▶ TASK DESCRIPTION
What you return should be the lines from the one with "Pledge Hardware Pledge" through the one with "J. Crew Fitted" in the data below, reproduced exactly with both ends, and no pictures at all.

▶ GIVEN INFORMATION
● ● ● ● ●
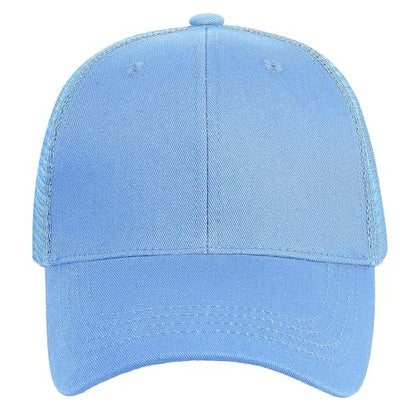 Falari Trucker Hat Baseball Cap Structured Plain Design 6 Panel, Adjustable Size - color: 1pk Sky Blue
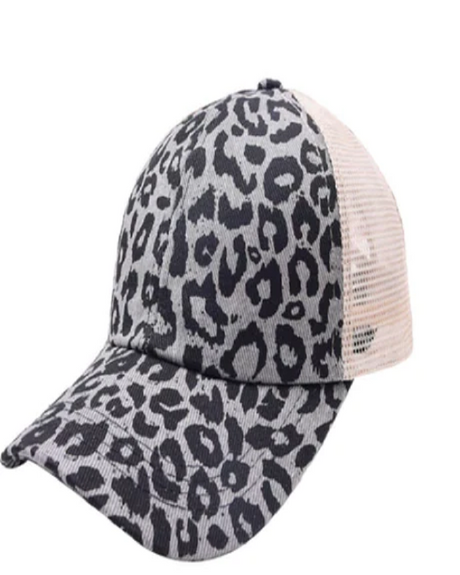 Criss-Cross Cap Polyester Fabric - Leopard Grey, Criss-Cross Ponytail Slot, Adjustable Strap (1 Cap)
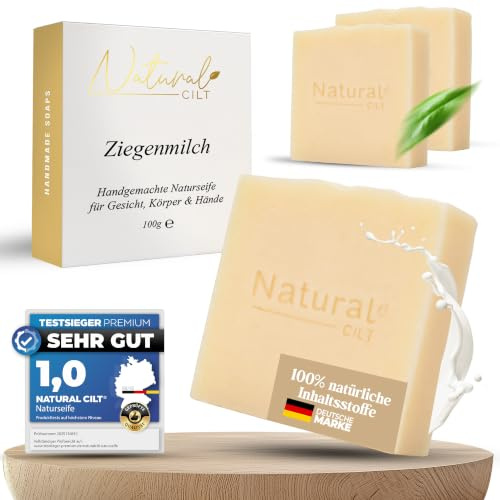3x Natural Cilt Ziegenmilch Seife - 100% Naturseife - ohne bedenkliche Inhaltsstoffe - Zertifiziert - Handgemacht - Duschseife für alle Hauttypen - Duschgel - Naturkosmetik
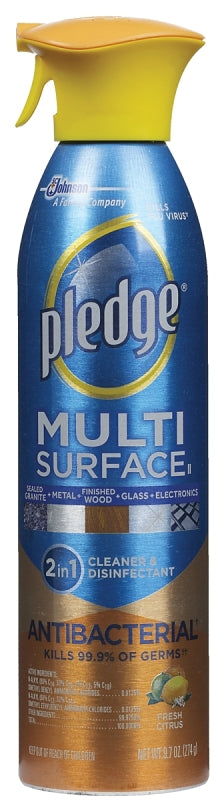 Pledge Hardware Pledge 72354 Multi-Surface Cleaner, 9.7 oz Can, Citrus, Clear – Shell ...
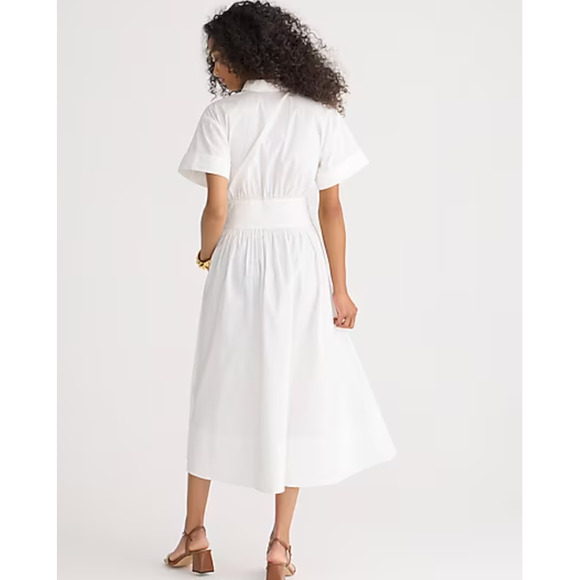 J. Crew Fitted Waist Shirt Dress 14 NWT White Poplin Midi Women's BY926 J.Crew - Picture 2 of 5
● ● ● ● ●
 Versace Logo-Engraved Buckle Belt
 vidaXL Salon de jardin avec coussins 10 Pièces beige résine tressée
● ● ● ● ●
▶ RESPONSE
 Pledge Hardware Pledge 72354 Multi-Surface Cleaner, 9.7 oz Can, Citrus, Clear – Shell ...
 J. Crew Fitted Waist Shirt Dress 14 NWT White Poplin Midi Women's BY926 J.Crew - Picture 2 of 5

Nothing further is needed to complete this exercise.